A method I like is using grep to find some finishing points in small code (also use grep to look for mystery or original proof). Here I navigate to the folder with the small code in the terminal and use the RegEx parameter to specify my search. The point here is that the mobile app is used in all the appointments (searched through Burp) and in order to find more events like this, it is to develop a RegEx. This can be as simple as \.json or http(s)?:// to find endpoints with a json extension or HTTP prefix. The command looks the following (exclude the h if you want the file names):

$ grep -hnrE "\.json" /Users/Gerben/smali/

You can easily find results from this order to find the files that are mentioned in the Z-GUI. Here you can find the parameters that are necessary to rebuild the full URL. These parameters should be quite clear if you want to read at least the programming language.






Three parameters plus the endpoint (feedback.json) in red boxes

One other method which I have recently adopted is using LinkFinder to find all the URLs in an app’s small code. About Linkfender takes about 20-40 seconds, however, all the small files are copied with random names in a folder (preventing overwriting) a little longer. Thus, Tom Hudson and I refuse the app to refute the one-line Has developed a script that copies the files into a subfolder and then runs the LinkFinder on these files (usually two thousand). It can be useful to delete folders with a small code that contain external libraries (e.g. /com/Google/*) to hide results that do not belong to your scope.

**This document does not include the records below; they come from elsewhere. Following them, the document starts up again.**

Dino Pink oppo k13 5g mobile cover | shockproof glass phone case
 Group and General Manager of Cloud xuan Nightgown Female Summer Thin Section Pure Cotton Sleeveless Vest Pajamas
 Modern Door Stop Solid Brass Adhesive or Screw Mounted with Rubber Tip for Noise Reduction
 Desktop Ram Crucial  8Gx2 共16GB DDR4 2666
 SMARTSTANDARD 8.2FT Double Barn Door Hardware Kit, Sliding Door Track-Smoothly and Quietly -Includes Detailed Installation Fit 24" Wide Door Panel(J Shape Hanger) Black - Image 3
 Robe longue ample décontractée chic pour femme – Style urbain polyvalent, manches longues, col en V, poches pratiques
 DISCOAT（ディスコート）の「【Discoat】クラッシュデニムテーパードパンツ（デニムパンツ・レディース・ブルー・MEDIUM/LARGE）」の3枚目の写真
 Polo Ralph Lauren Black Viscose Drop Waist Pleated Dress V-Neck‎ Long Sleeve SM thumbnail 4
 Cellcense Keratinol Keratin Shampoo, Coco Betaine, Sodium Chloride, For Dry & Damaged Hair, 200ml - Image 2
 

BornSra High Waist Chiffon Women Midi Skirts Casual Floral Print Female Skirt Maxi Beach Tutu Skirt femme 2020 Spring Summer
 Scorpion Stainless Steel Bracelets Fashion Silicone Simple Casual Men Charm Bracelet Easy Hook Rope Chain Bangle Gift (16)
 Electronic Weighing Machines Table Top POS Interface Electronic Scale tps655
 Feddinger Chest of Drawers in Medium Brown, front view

$ apktool d app.apk; cd app;mkdir collection; find . -name \*.smali -exec sh -c "cp {} collection/\$(head /dev/urandom | md5 | cut -d' ' -f1).smali" \;; -i 'collection/*.smali' -o cli

You will probably find a bunch of results. Use the RegEx option (-R) in LinkFinder to reduce the endpoints to narrow it down and list those lists that correspond to a certain pattern. Again, the same method applies here, in Java intervals try these ending points using JD-GUI. like:

$ -i 'collection/*.smali' -o cli -r '\.json'

Third, check after decompiling / property and / res / raw folders. Sometimes valuable files can be left here (source: Advanced Android Bug Bounty Skills – Ben Actis, this resource is very good for Android bugs, such as weak intentions).

Finally, comparing these methods between different versions of the app can help you gain an understanding of what was added in a new version. The new endpoint potential is unrecognized and may include new weaknesses.